Of course, Mr. Stahlman – who is described in his bio as the man who helped bring America Online public – says $2,000 isn’t actually a target per se. He says it’s merely an extrapolation based on current revenue patterns, and involves applying a Microsoft-style multiple to the $100-billion worth of revenue that he says Google could have in the future.
In case you’re wondering, $100-billion would be more than twice the annual revenues that Microsoft currently has, and would put Google in the same league as IBM and General Electric – while applying a multiple befitting a company like Microsoft, which has profit margins of about 80 per cent. Does that sound realistic?
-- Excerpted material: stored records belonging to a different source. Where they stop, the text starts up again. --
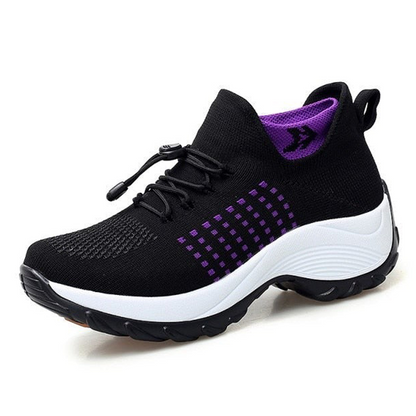 Zanovo™ Komfort-Schuhe Für Frauen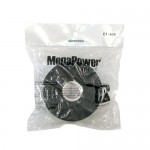Скотч двухсторонний  GREEN 40мм х 5м (зеленый) MEGAPOWER /1/72 HIT ET-405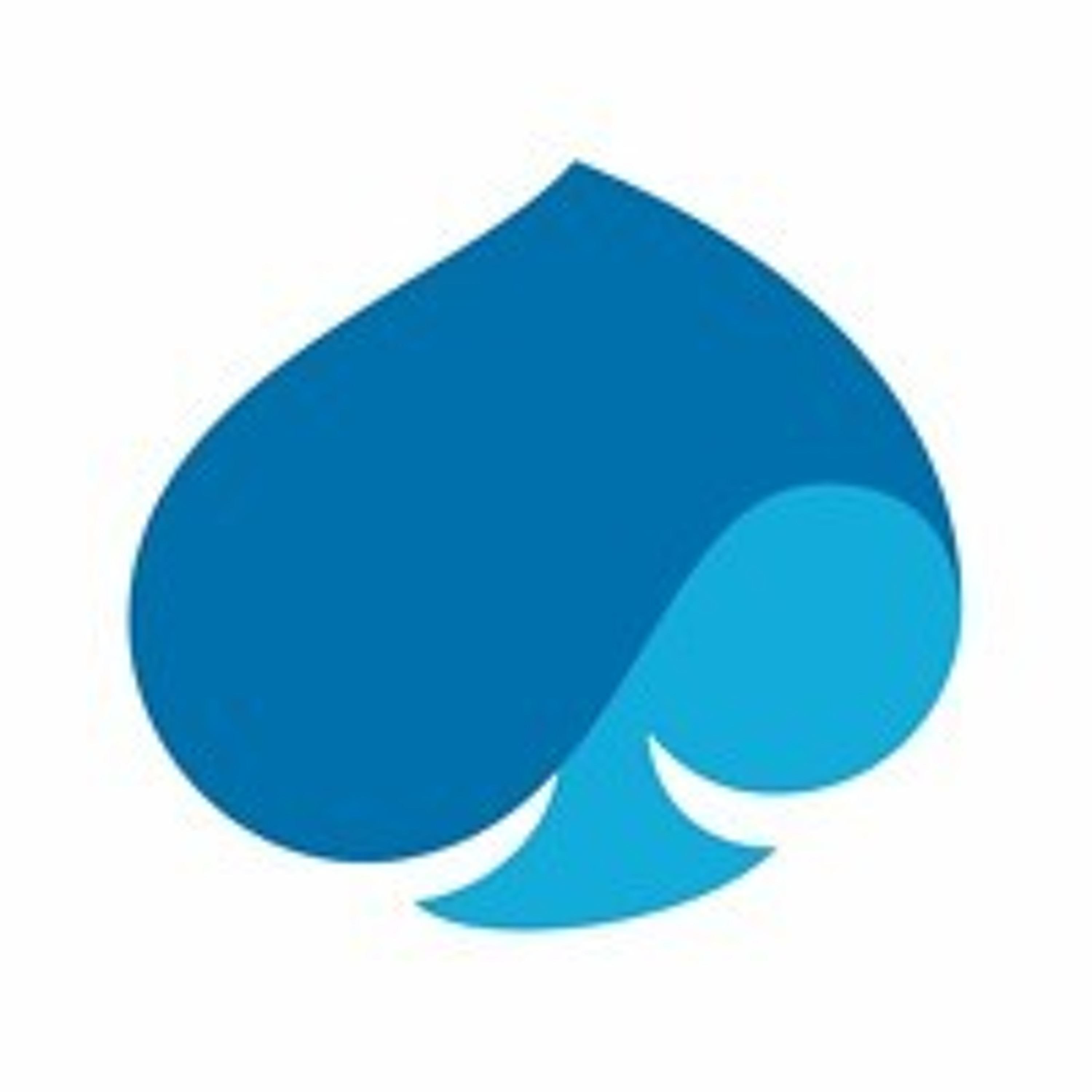 Women in Digital Podcast - She Leads: Feedback, Action and Achievement Part 1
In the end, it doesn’t matter whether it’s realistic or not. It’s the same game that Henry Blodget played in 1998 with Amazon, when his $400 price target got the attention of Wall Street. As Paul Kedrosky notes, it’s all about making an extreme forecast – not about whether it makes any sense or not. Mark Evans says it’s nice to see analysts thinking outside of the box, but I think some could use a little more time inside the box.
Update:
It’s somehow fitting, in a karmic sort of way, that Henry Blodget has one of the most nuanced posts about Google and its share price. He makes 10 solid points about how to arrive at a fair value for a stock – most of which boil down to “no one really knows” – and of course, ends off with his standard (and legally obligated) disclaimer that none of his comments should be perceived as investment advice. Too bad more analysts don’t have the same disclaimer. Andrew Ross Sorkin has also written something for the Times about it.